→ **Your task**
Nothing but the lines below from the one that contains "Authentic half size" through the one that contains "Toyota RAV4 XLE FWD (Natl) 2024" should be retyped, exactly and including both ends. Do not include pictures.

→ **Data for this exercise**
════

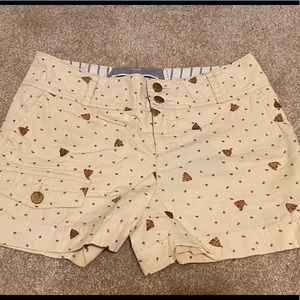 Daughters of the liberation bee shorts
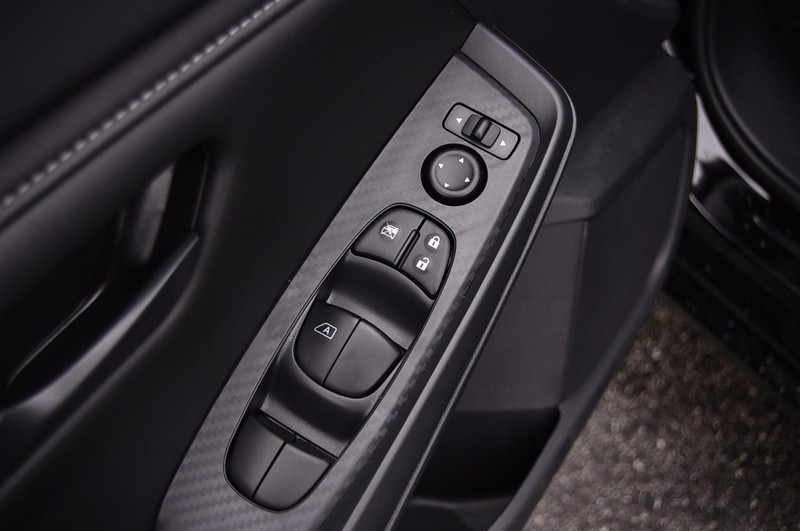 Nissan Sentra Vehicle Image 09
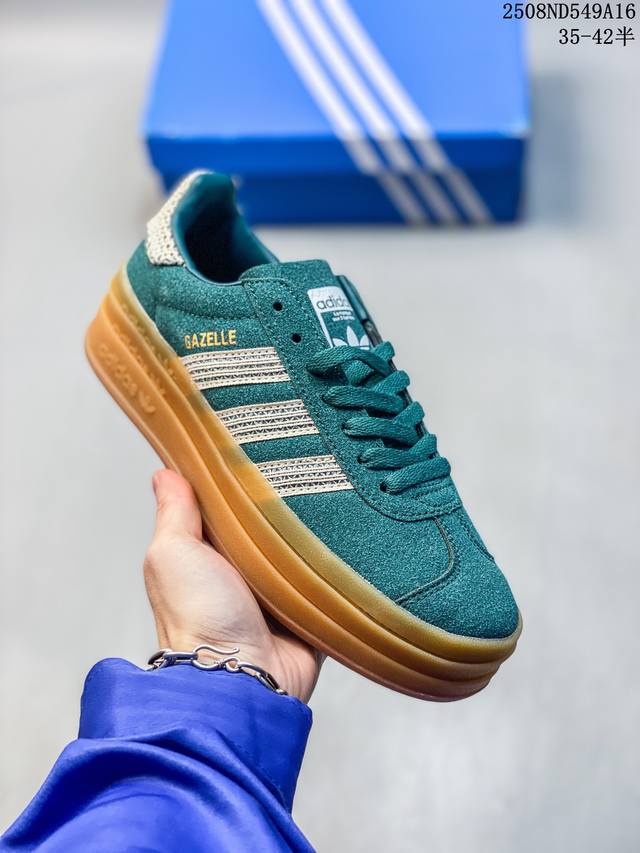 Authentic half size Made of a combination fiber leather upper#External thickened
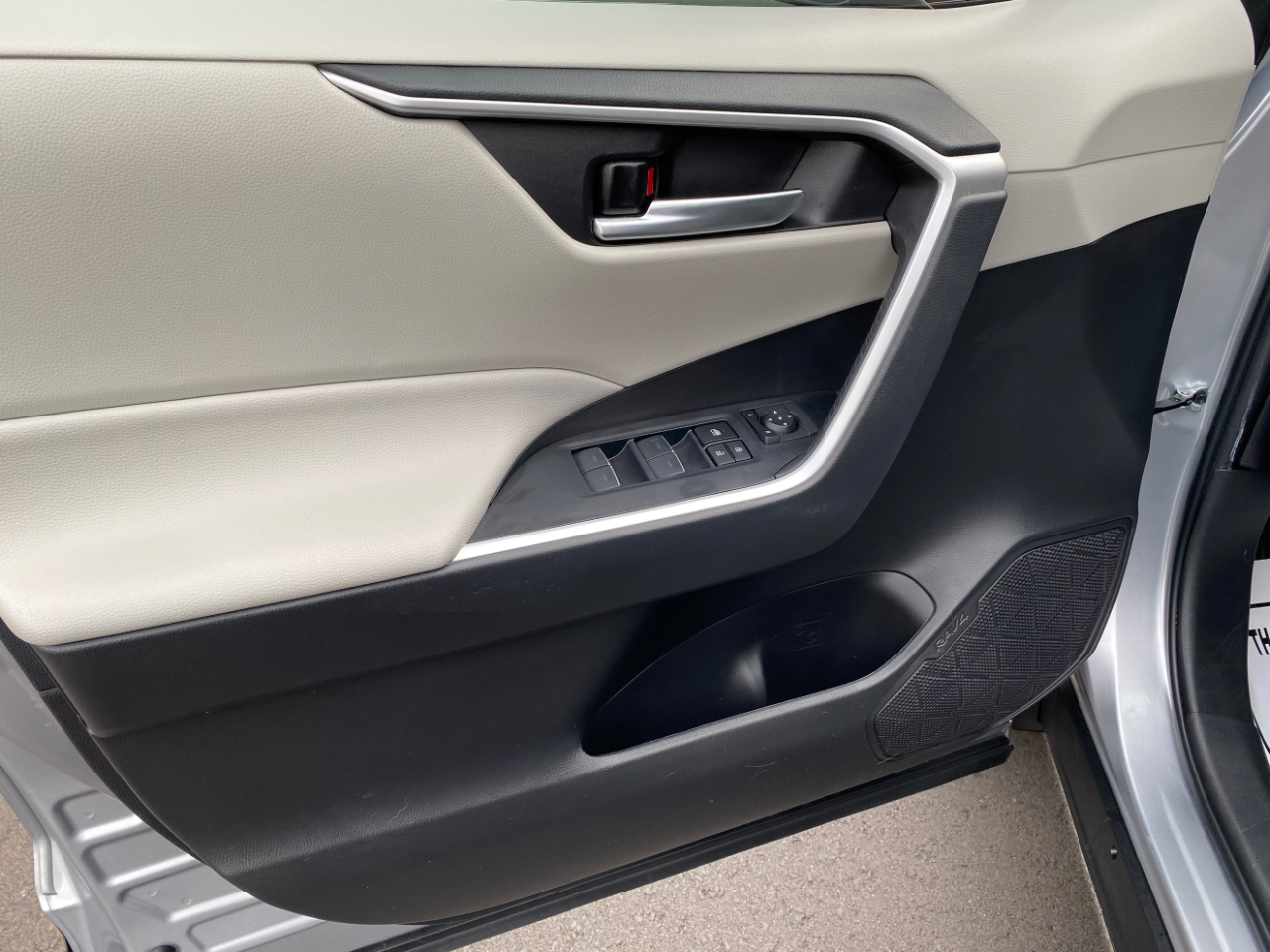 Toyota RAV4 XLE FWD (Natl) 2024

════

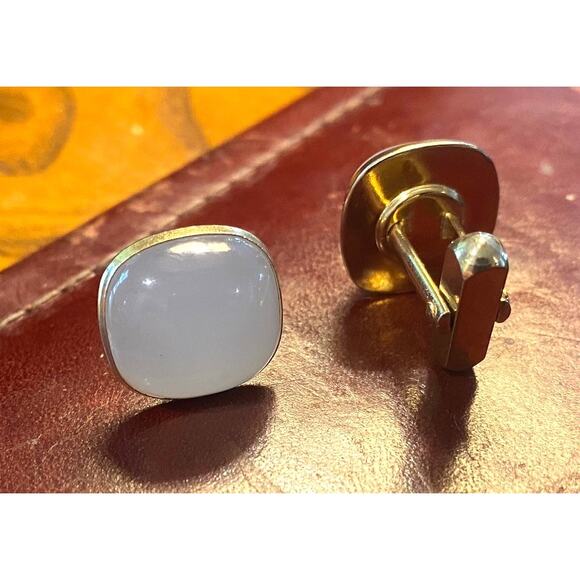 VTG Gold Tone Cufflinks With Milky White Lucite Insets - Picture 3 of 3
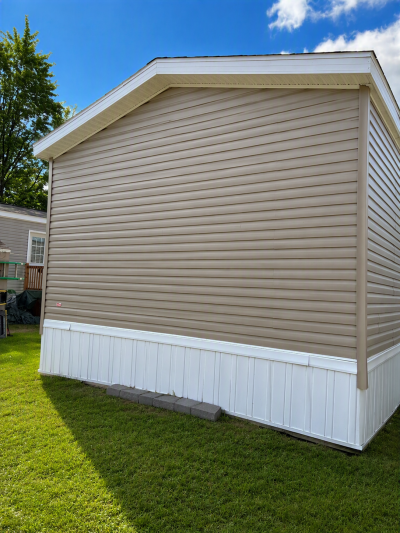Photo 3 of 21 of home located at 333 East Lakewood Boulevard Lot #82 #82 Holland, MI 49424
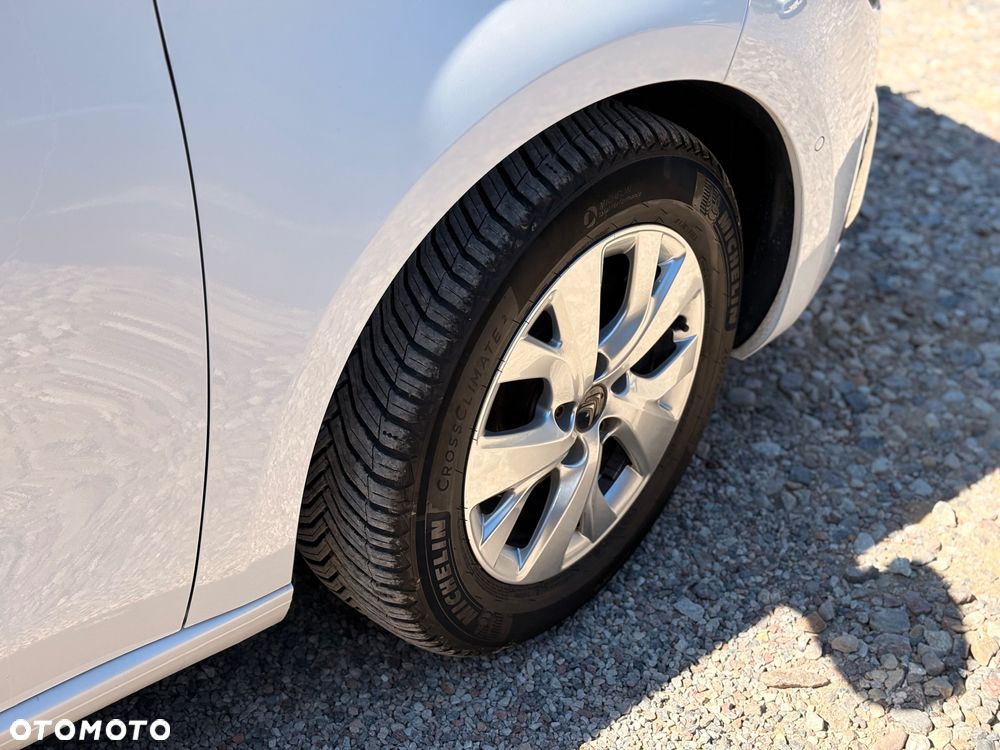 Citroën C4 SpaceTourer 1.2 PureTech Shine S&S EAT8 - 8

════

→ **Output below**
 Authentic half size Made of a combination fiber leather upper#External thickened
 Toyota RAV4 XLE FWD (Natl) 2024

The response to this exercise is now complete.